Now what is God’s role in this? Think of morality as something that is learned. As with much learning, you have to do some persuading in order to get people to buy into the moral system. Sometimes we don’t have time or the will to let our children learn this stuff on their own. Sometimes we can’t wait for people to figure it out (if they didn’t figure it out as children).
In a patriarchal society (and most are), it is standard to have a leader who tells people the rules and they better follow them, or else. It seems efficient. No one has to think. You just have to do what the leader says and everyone is ok.
Some religions use God this way. God is the leader of leaders, and if you don’t do what He says, you’ll lose all rights to be in this society. Of course, God says what his priests say He says. This was especially true in times when priests were the only ones who were educated and who could read. Knowledge is power, and the religious folks were the only ones with a lot of knowledge.

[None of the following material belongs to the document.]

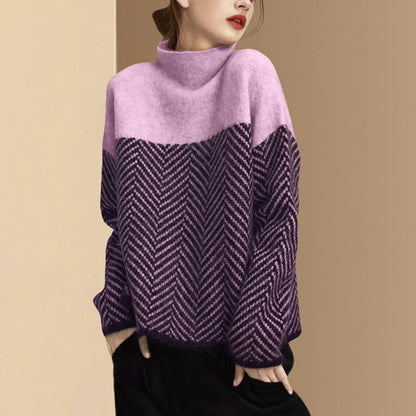 Pull à col haut et à chevrons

So, to keep folks in line, they created a mythology around the idea of a Deity. These stories were used to illustrate the power of God, and they bought the legitimacy the priests needed to tell people to do what they said.

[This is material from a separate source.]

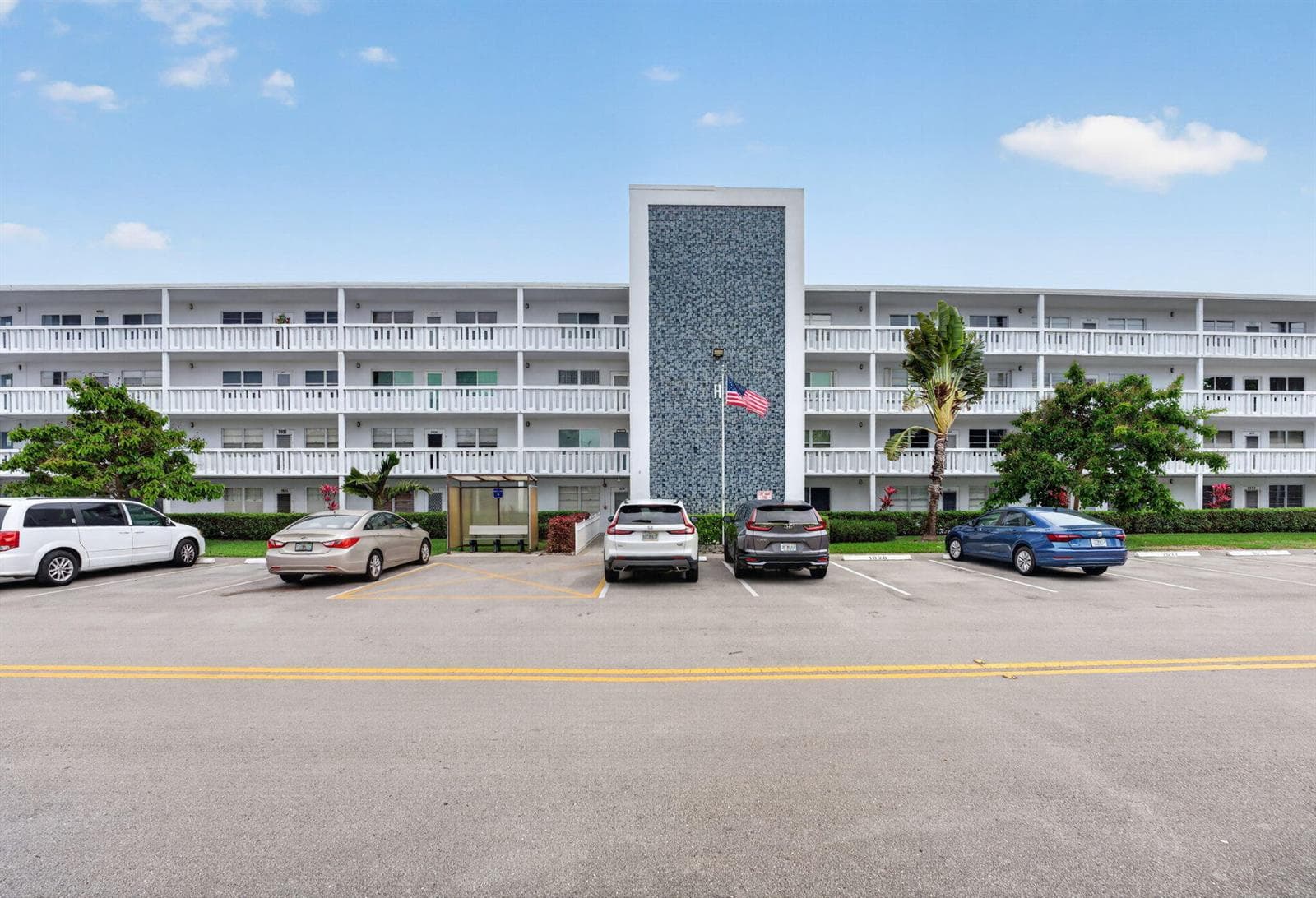 1025 Ventnor # H, Deerfield Beach, FL 33442 photo 2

God, then, has a civilizing function. He is a tool in the process of pacifying society. He doesn’t always work, of course. Then you have to figure out how to get people who break the rules to feel like they can come back into society without being killed. And thus you get a separation of church and state. God loves the sinner, and the state kills the sinner, to put it crudely.
This isn’t the case with only the Christian God, either. All religions provide ways of passing knowledge on. Gods are pedagogical tools, as are ritual and music and dogma. It’s all in aid of teaching people something they would figure out anyway, if they thought about it very much. But by using a God to pass on information, you don’t have to convince anyone that something makes sense, you can get them to accept it because the Deity said it was so.
It’s efficient and it worked in past times, but now education is much more universal. People think for themselves much more. A didactic deity is no longer appropriate. Yet so many religions try to keep that deity in place. Others are more willing to change with the times, and their deities take on different roles, since they are no longer needed to convince people of what is right and true.
There is, of course, a whole lot more I could say about just about every aspect of this, but I will leave it here. God helps in the process of teaching people about what works to hold society together. This worked well in a time when hardly anyone was educated. Now that most people are educated, it isn’t working well, and that is one of the reasons why so many people have become atheists.